#### WHAT TO DO
The data that follows is to be copied exactly, with each image removed.

Stored data:
.....

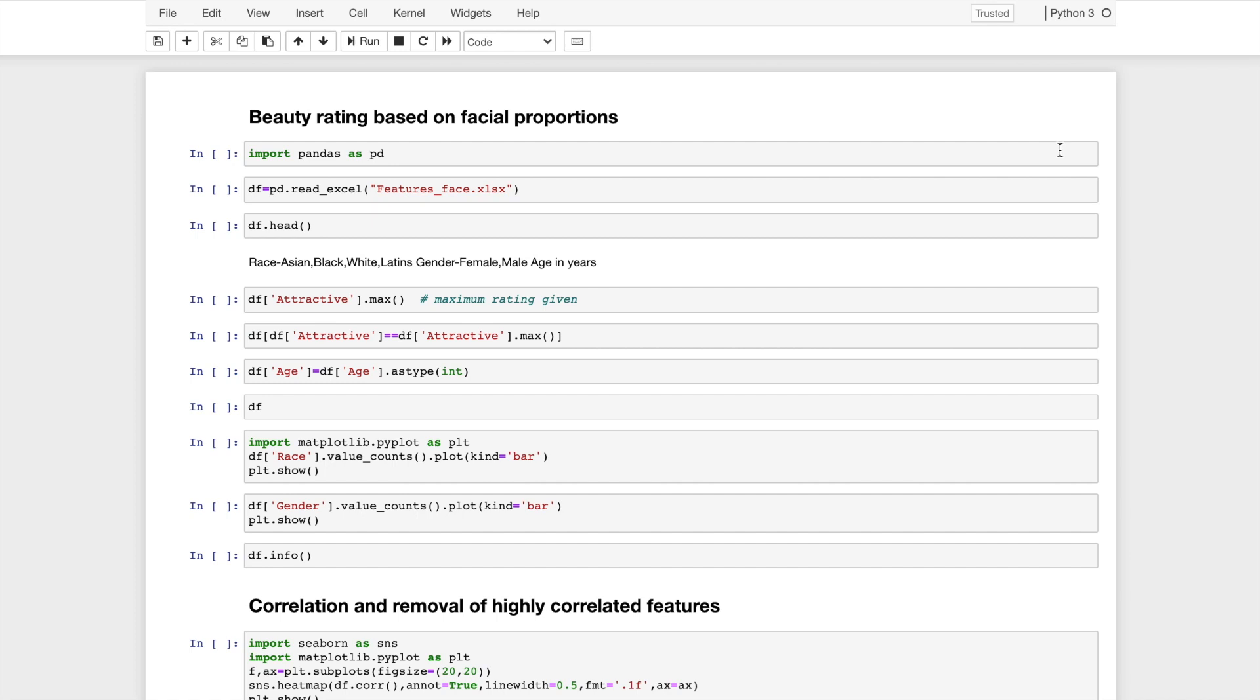Hello everyone. Today I will be explaining an interesting project on beauty rating based on facial proportions. I have taken the data from the Chicago face dataset. It has an Excel file which contains the face proportions and an attractive score associated with each data point. I will be using this dataset to train a model and use this model to rate myself.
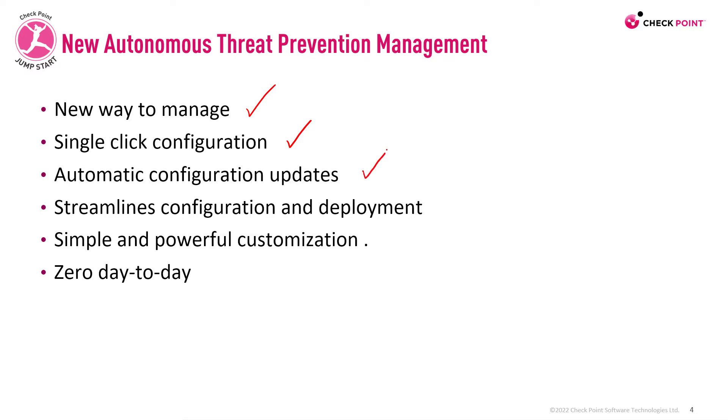Automatic configuration updates. Checkpoint automatically updates the profile and the customers automatically enjoy new features, advanced protections, and more.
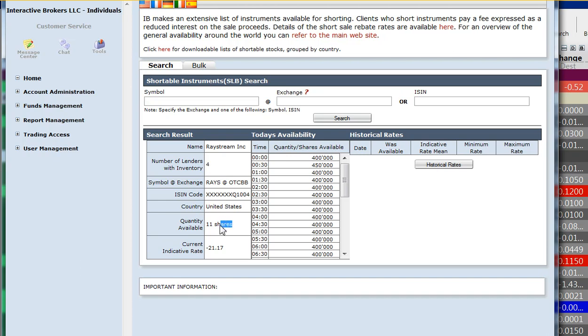So what's the amount available right now? Eleven shares, which is basically nothing. Current indicative rate is the annual percentage rate you'd be charged for borrowing these shares. So 21% a year—divide that by 360 and then multiply that rate by the value of the shares short you have. So if your position value is $20,000 short Raystream, then you multiply that by 0.2117 and then divide that by 360 to determine your daily borrow cost.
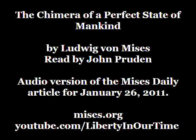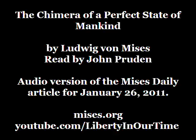The Chimera of a Perfect State of Mankind by Ludwig von Mises. This article is excerpted from Theory and History and narrated by John Pruden.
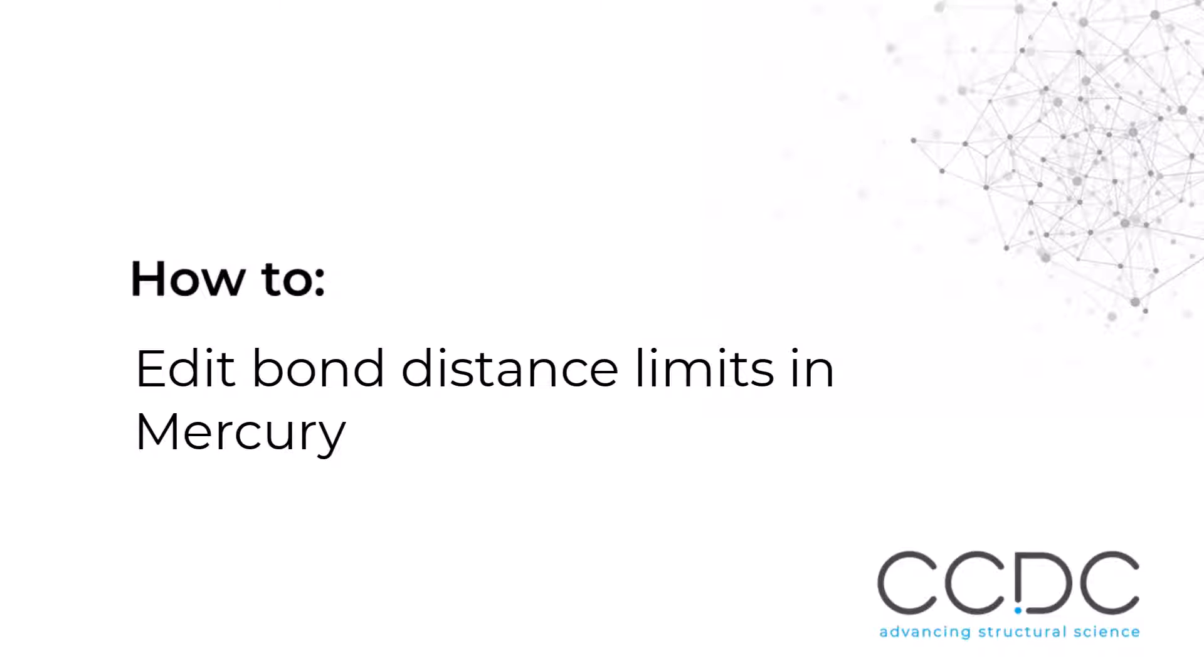Hi, I'm Amy Lebrun from the CCDC. Welcome to this video on how to edit structures in Mercury.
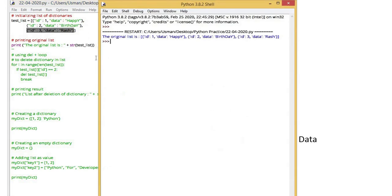If I simply print, it will show output. The output is the original list: id1, data happy, id2, data birthday, id3, data rash. This is my original list. This is a list of dictionaries.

.....

#### SOLUTION
Hello everyone. Today I will be explaining an interesting project on beauty rating based on facial proportions. I have taken the data from the Chicago face dataset. It has an Excel file which contains the face proportions and an attractive score associated with each data point. I will be using this dataset to train a model and use this model to rate myself.
Automatic configuration updates. Checkpoint automatically updates the profile and the customers automatically enjoy new features, advanced protections, and more.
So what's the amount available right now? Eleven shares, which is basically nothing. Current indicative rate is the annual percentage rate you'd be charged for borrowing these shares. So 21% a year—divide that by 360 and then multiply that rate by the value of the shares short you have. So if your position value is $20,000 short Raystream, then you multiply that by 0.2117 and then divide that by 360 to determine your daily borrow cost.
The Chimera of a Perfect State of Mankind by Ludwig von Mises. This article is excerpted from Theory and History and narrated by John Pruden.
Hi, I'm Amy Lebrun from the CCDC. Welcome to this video on how to edit structures in Mercury.
If I simply print, it will show output. The output is the original list: id1, data happy, id2, data birthday, id3, data rash. This is my original list. This is a list of dictionaries.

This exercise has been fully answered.